Quand Dina ou sa mère regardent dans les yeux d'une personne, elles percent ses secrets les plus profonds. Ceux qui sont enfouis dans les abysses de son inconscient. La personne que dévisage une «clairvoyante» voit elle aussi les recoins les plus sombres de son âme, et s'effondre généralement en larmes. Le don de clairvoyance n'aide pas à se faire des amis.

Le don de Dina et de sa mère constitue la base de la série Clairvoyante, de l'auteure danoise Lene Kaaberbøl, dont le deuxième tome, La prisonnière de Dracana, vient d'être traduit en français. Le concept est simple mais riche en possibilités dramatiques.
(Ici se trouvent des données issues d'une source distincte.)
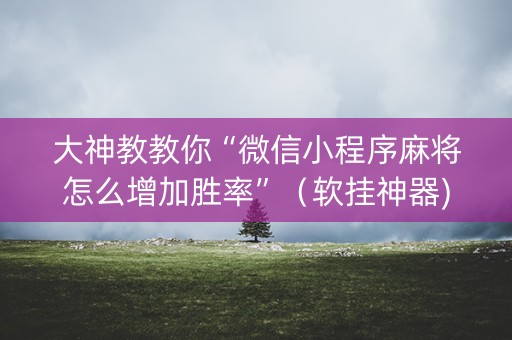 大神教教你“微信小程序麻将怎么增加胜率”（软挂神器)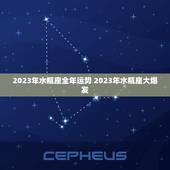 2023年水瓶座全年运势 2023年水瓶座大爆发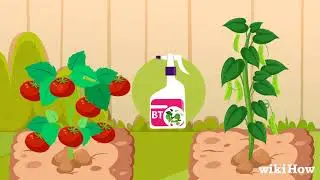 How to Kill Tomato Worms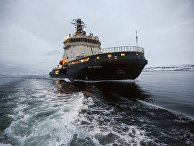 VG (Норвегии): таяние морских льдов в Арктике рождает новые дилеммы в сфере безопасности - «Политика»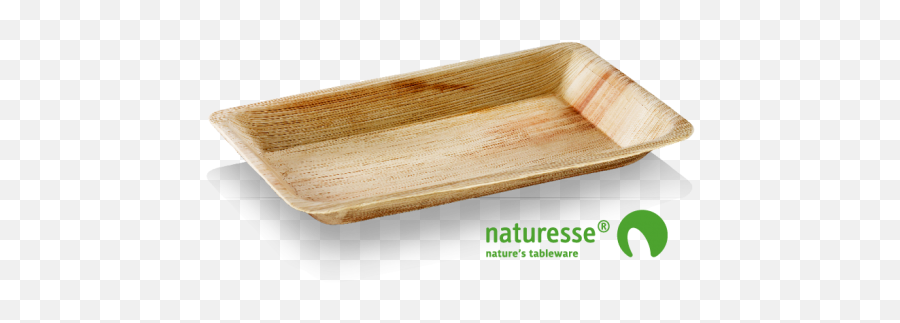 Naturesse - Oval Palm Leaf Serving Tray Suztain Plate Png,Palm Leaf Transparent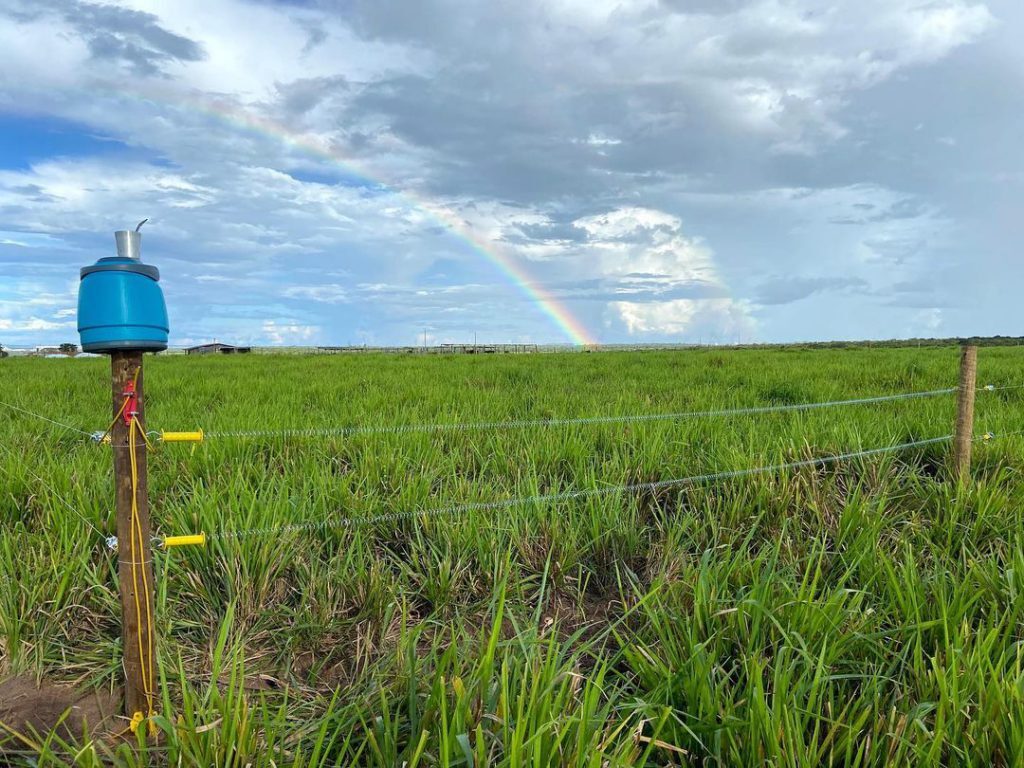Cerca Elétrica: Como Garantir a Tensão e o Aterramento Corretos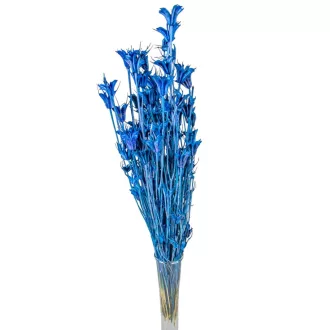 Nigella orientale szárított kék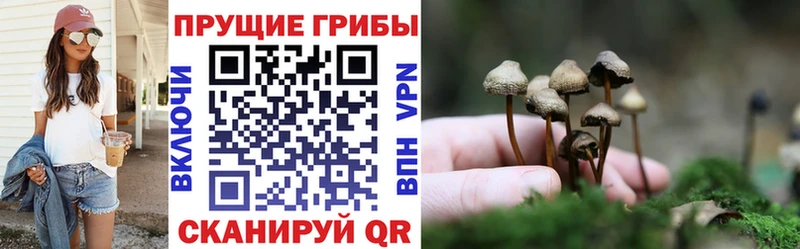 Купить закладки  Ветлуга  Псилоцибиновые грибы мицелий 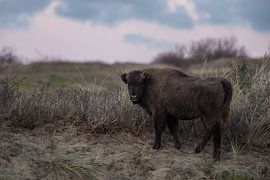 Wisents in Dünen auf der Kraansvlak von Süd-Kennemerland von Jeroen Stel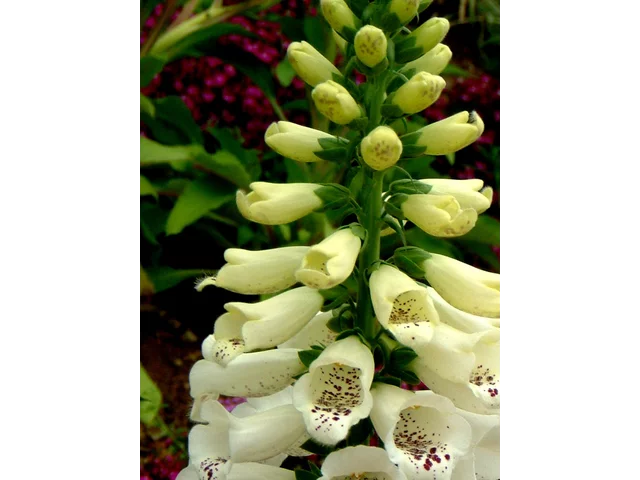 Digitalis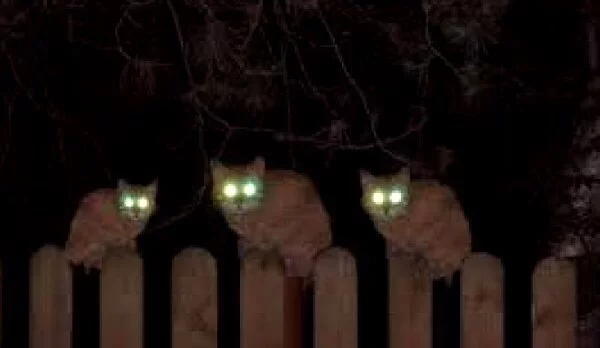 CUX4fnuWoAAVmH2.webp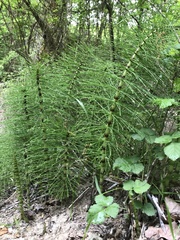 Equisetum telmateia telmateia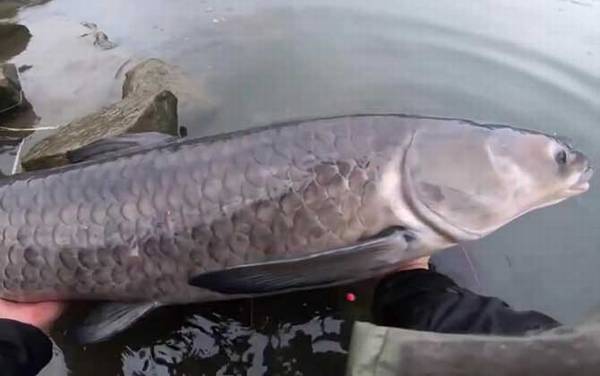 钓青鱼是钓底还是钓浮?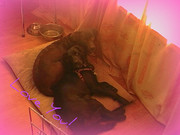 honden foto van Lana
C'est l'une des belles trouvailles de la littérature fantastique pour jeunes. Et l'écriture sensible et imagée peut même être intéressante pour les adultes.

 

Dans le premier tome, La morsure du dragon, on faisait connaissance avec Drakan, un méchant souverain qui élève des dragons et est mystérieusement protégé du don des clairvoyantes. La mère de Dina est faite prisonnière, mais elle réussit à s'échapper avec l'aide de sa fille et d'opposants au règne de Drakan. Le deuxième tome les suit dans leur exil dans les « hautes terres «, une région peuplée de clans aux noms écossais qui échappe au contrôle de Drakan. Dina est faite prisonnière par un vassal de Drakan qui exploite à son profit son don de clairvoyance.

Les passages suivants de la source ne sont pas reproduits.